Exercise: Give back exactly the lines from the "Pai e filha" line to the final line of the records, and only those, minus any pictures.
-- Supplied records follows --
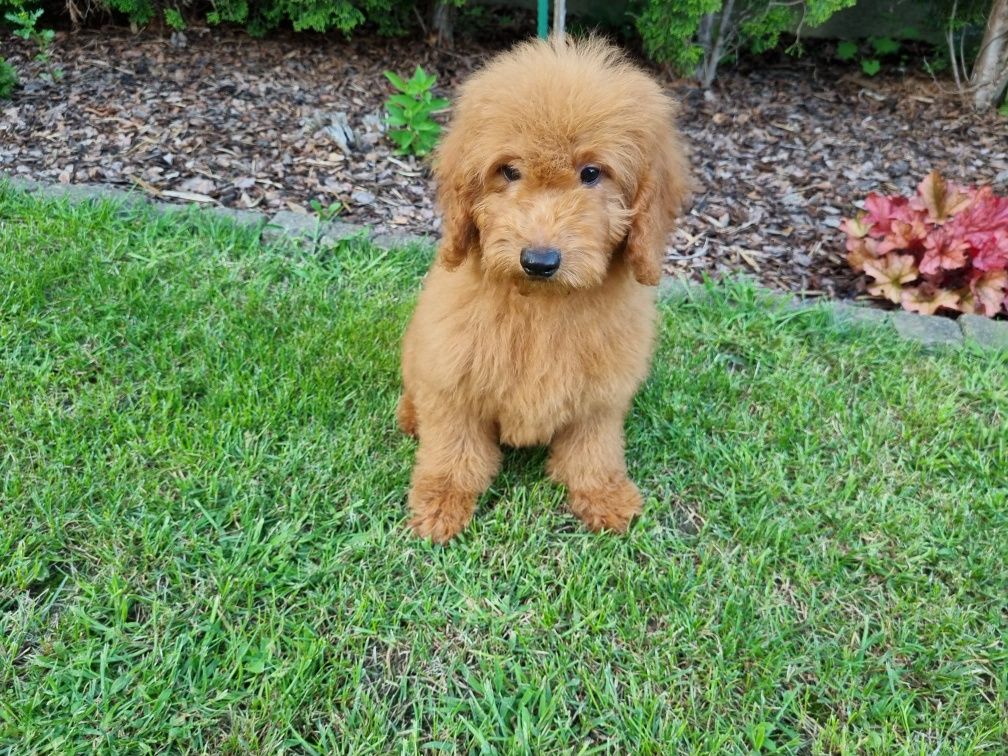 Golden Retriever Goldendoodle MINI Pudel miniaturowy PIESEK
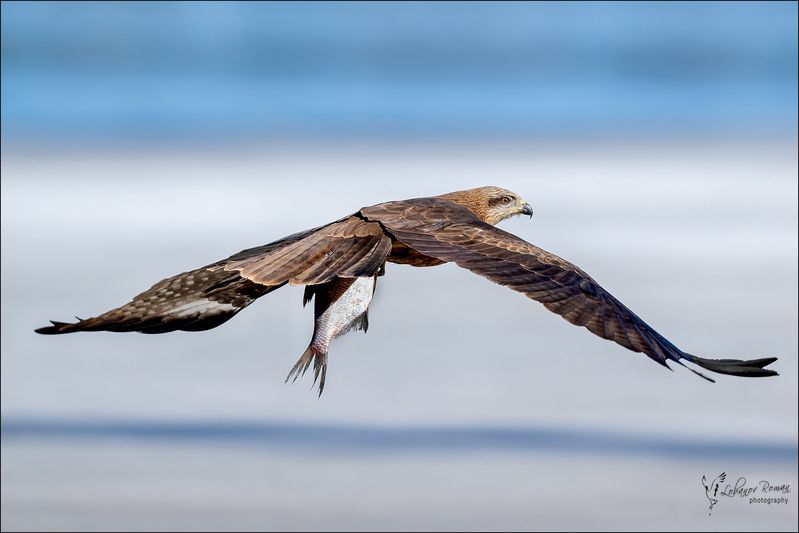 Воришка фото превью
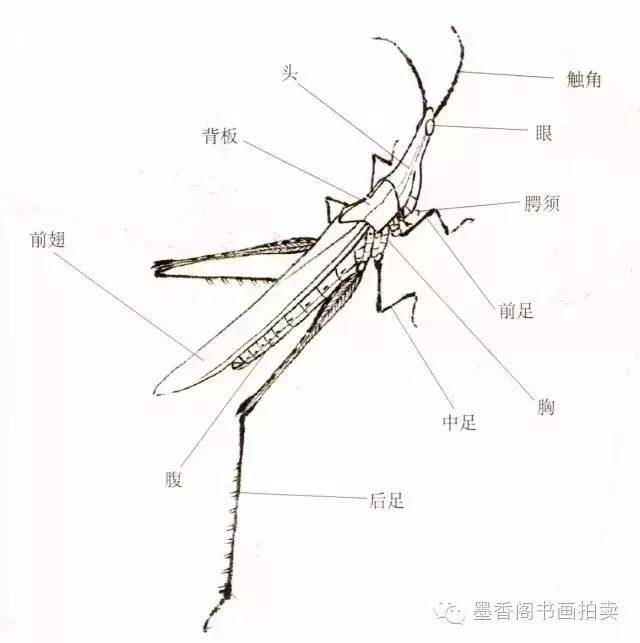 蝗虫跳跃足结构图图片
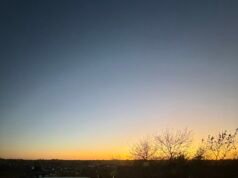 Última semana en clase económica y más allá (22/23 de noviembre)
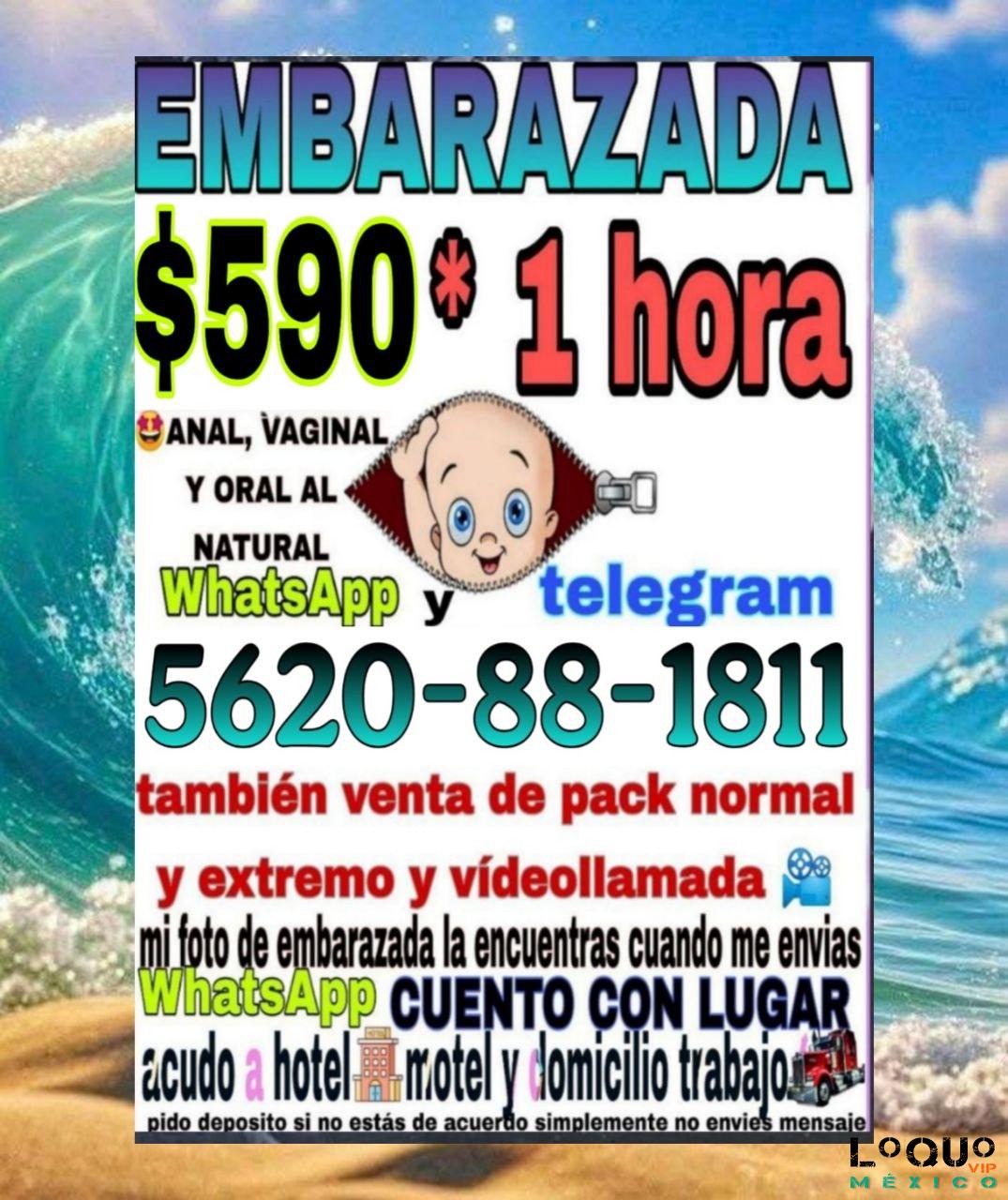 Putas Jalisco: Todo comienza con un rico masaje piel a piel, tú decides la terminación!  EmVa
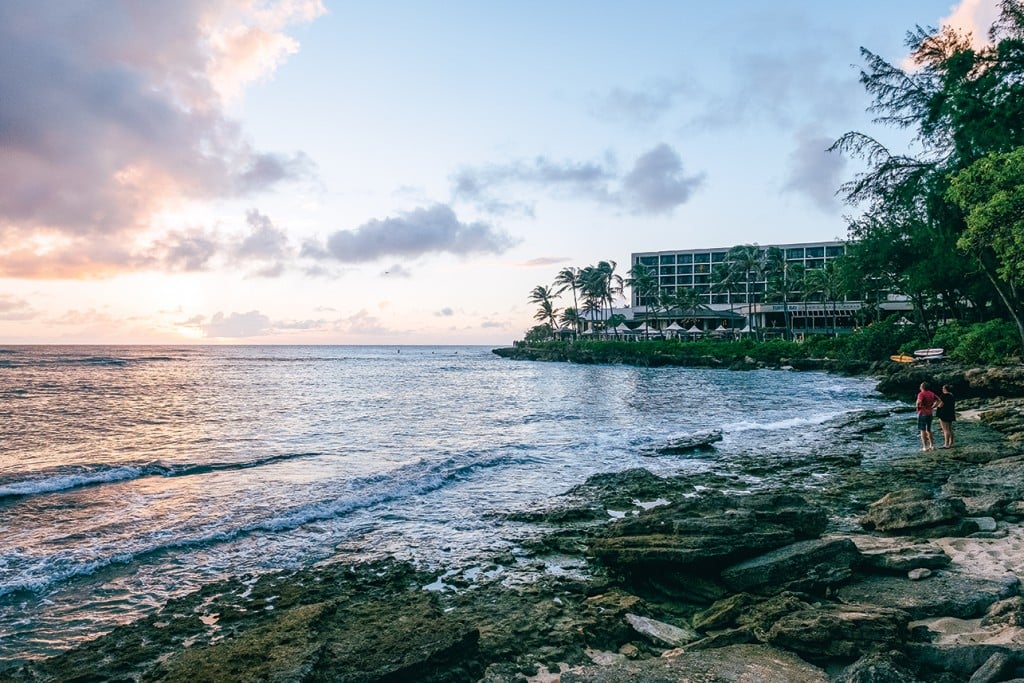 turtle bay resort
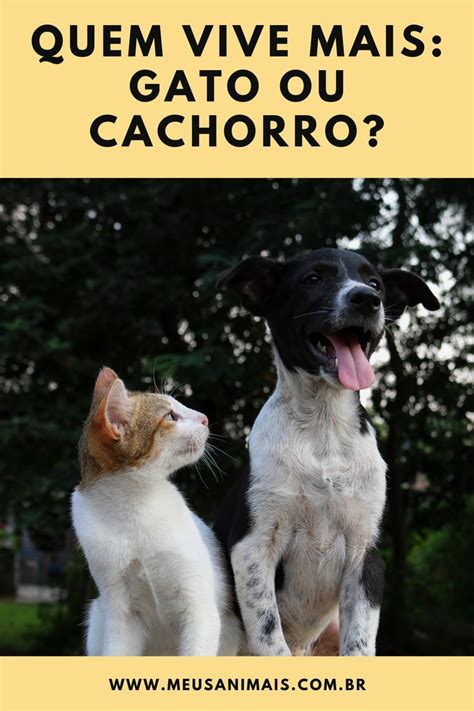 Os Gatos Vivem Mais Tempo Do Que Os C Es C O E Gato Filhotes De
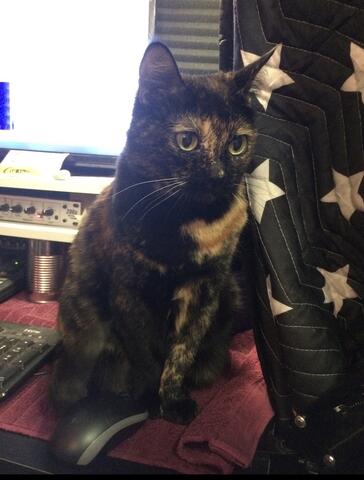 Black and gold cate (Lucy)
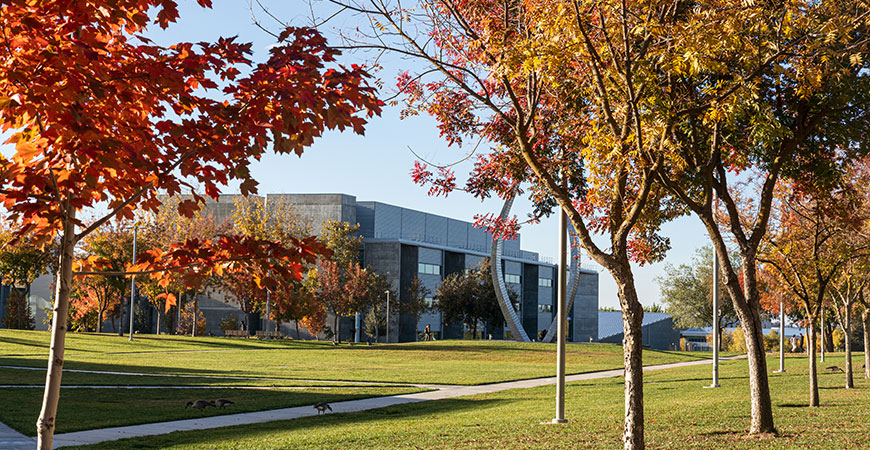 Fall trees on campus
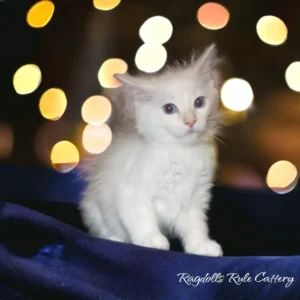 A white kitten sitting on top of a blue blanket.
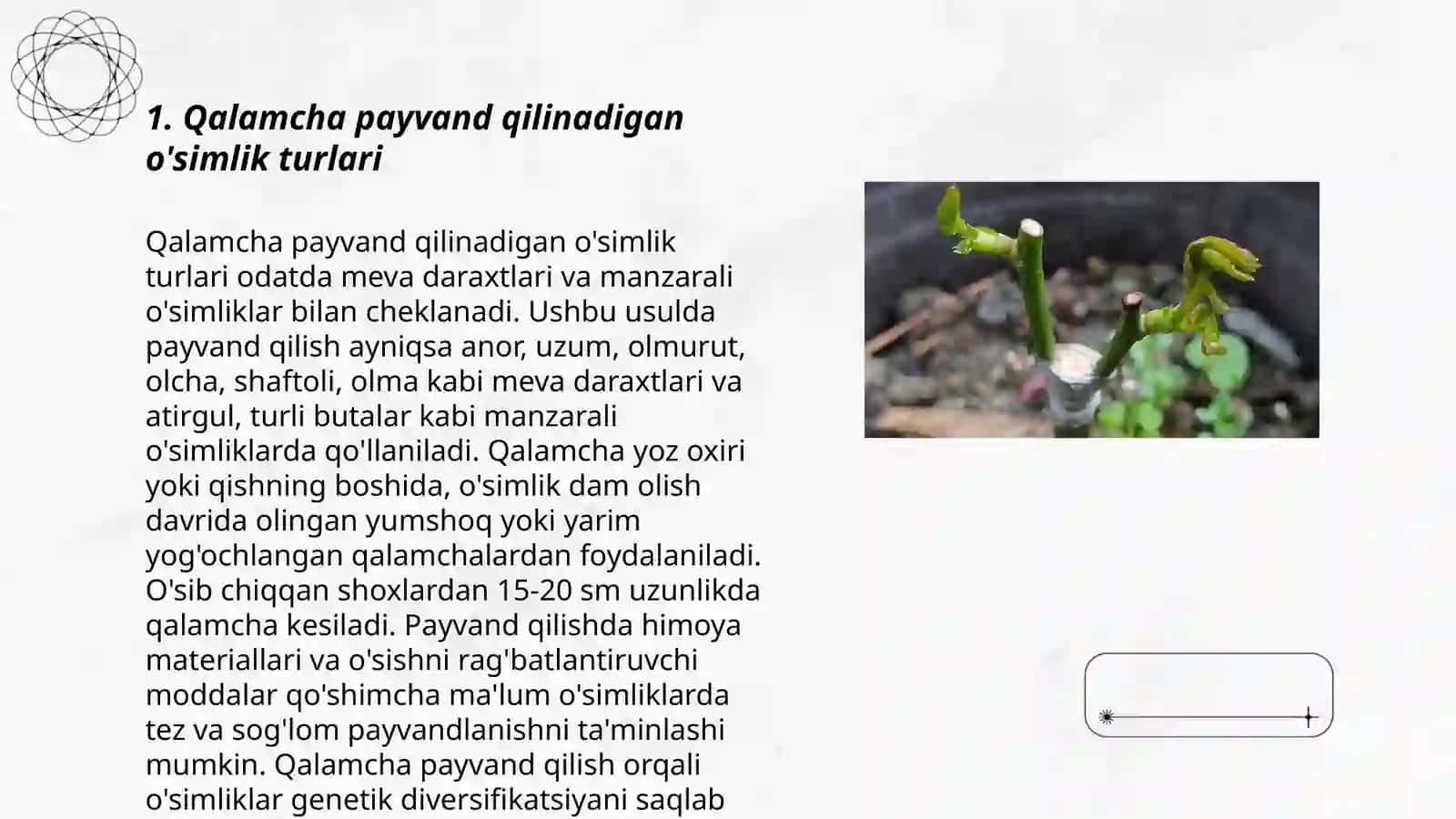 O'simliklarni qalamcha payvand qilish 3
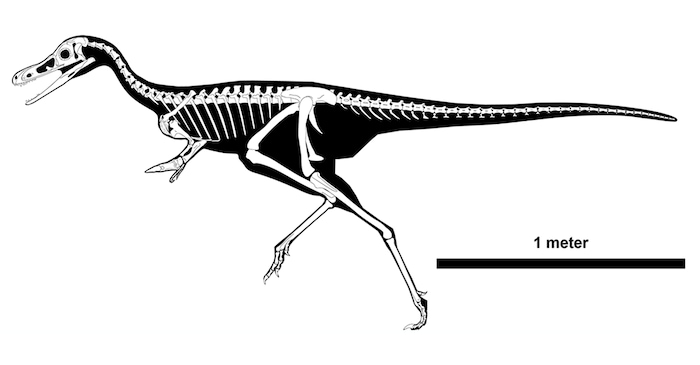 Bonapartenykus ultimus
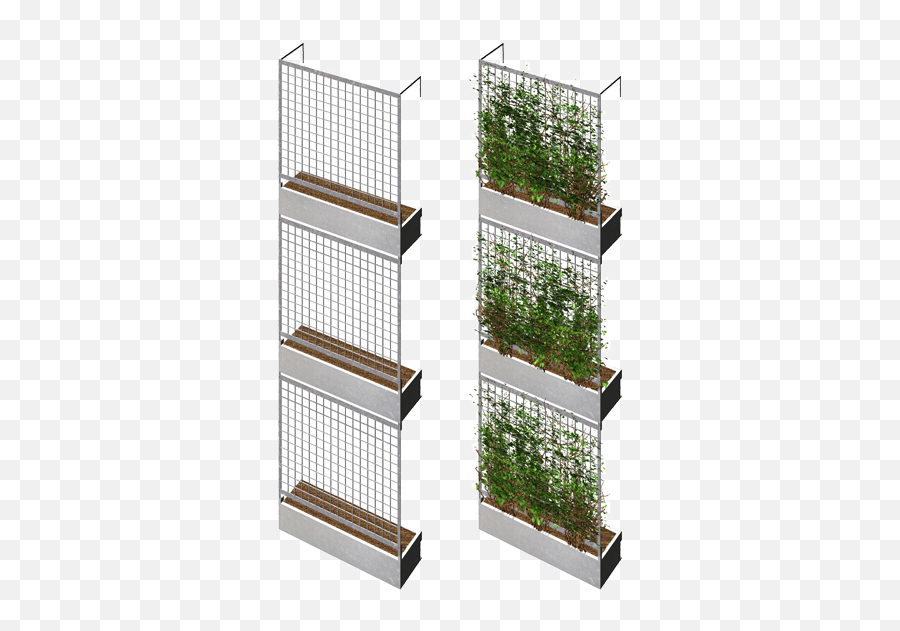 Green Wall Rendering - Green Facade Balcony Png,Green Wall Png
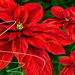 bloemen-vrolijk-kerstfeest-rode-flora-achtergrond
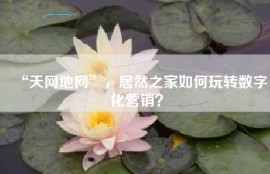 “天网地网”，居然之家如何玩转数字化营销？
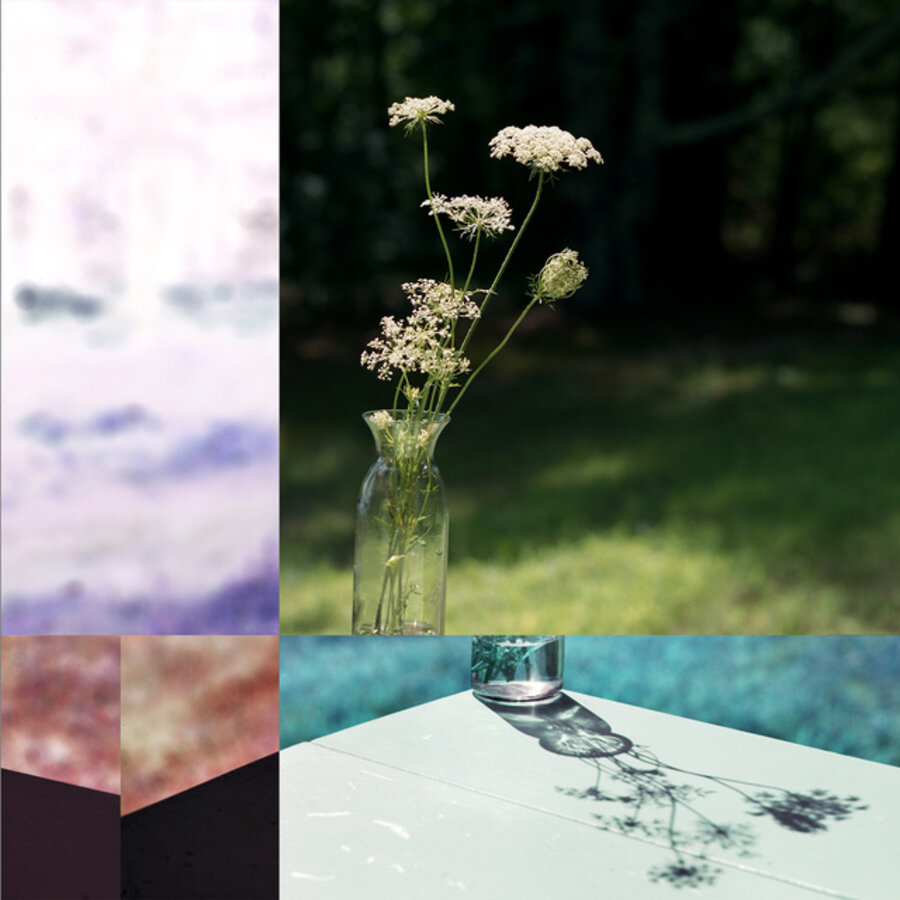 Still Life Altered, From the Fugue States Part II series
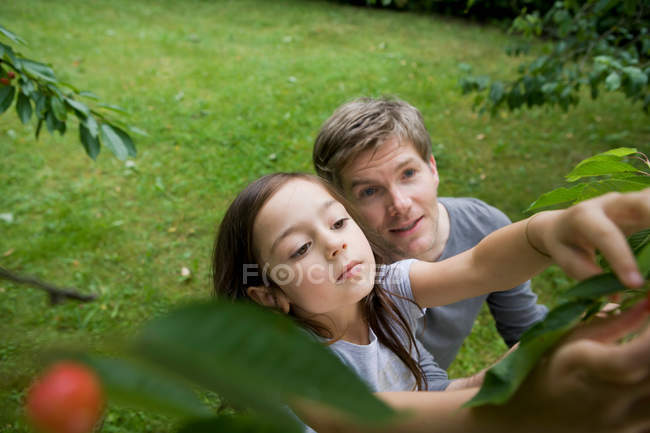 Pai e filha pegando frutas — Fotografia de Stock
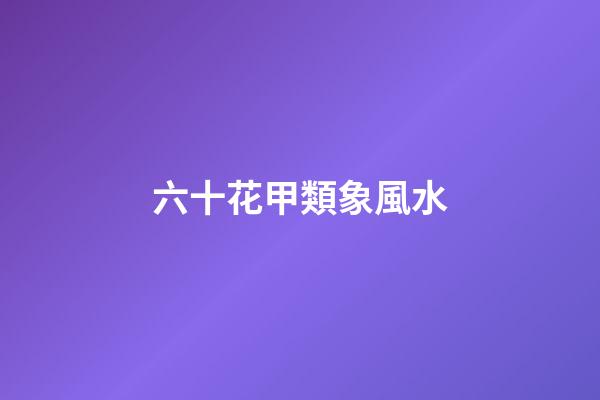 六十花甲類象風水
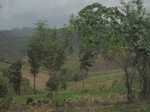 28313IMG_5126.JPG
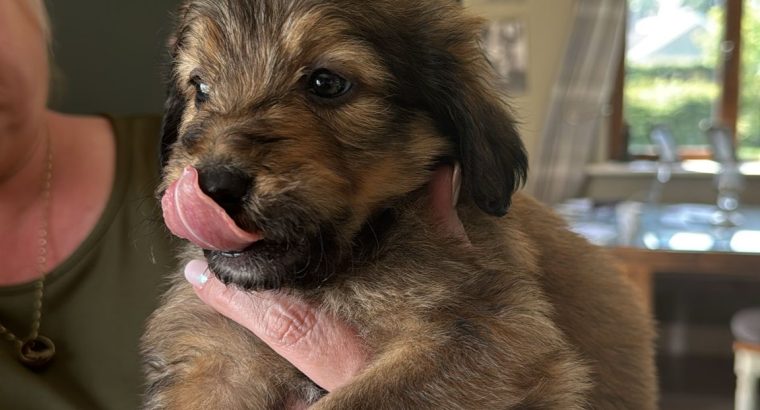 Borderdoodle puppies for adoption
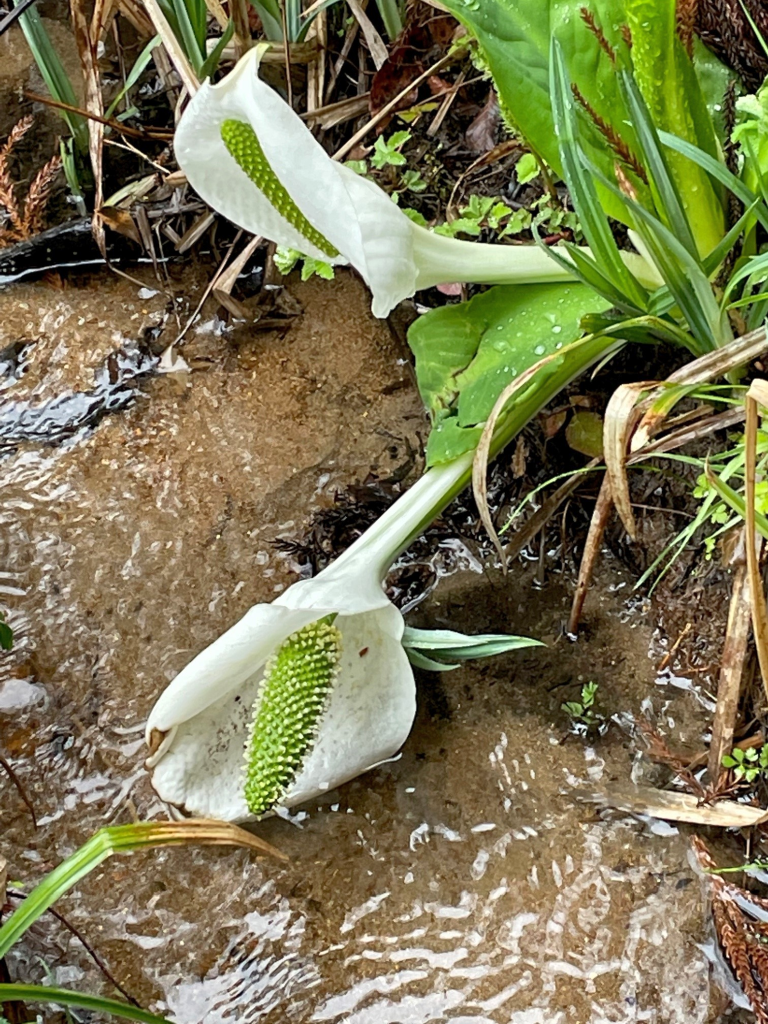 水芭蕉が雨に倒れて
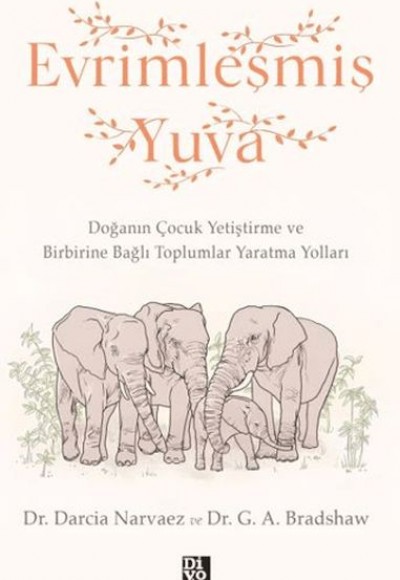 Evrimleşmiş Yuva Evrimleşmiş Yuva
-- Supplied records concluded --
Response box:
 Pai e filha pegando frutas — Fotografia de Stock
 六十花甲類象風水
 28313IMG_5126.JPG
 Borderdoodle puppies for adoption
 水芭蕉が雨に倒れて
 Evrimleşmiş Yuva Evrimleşmiş Yuva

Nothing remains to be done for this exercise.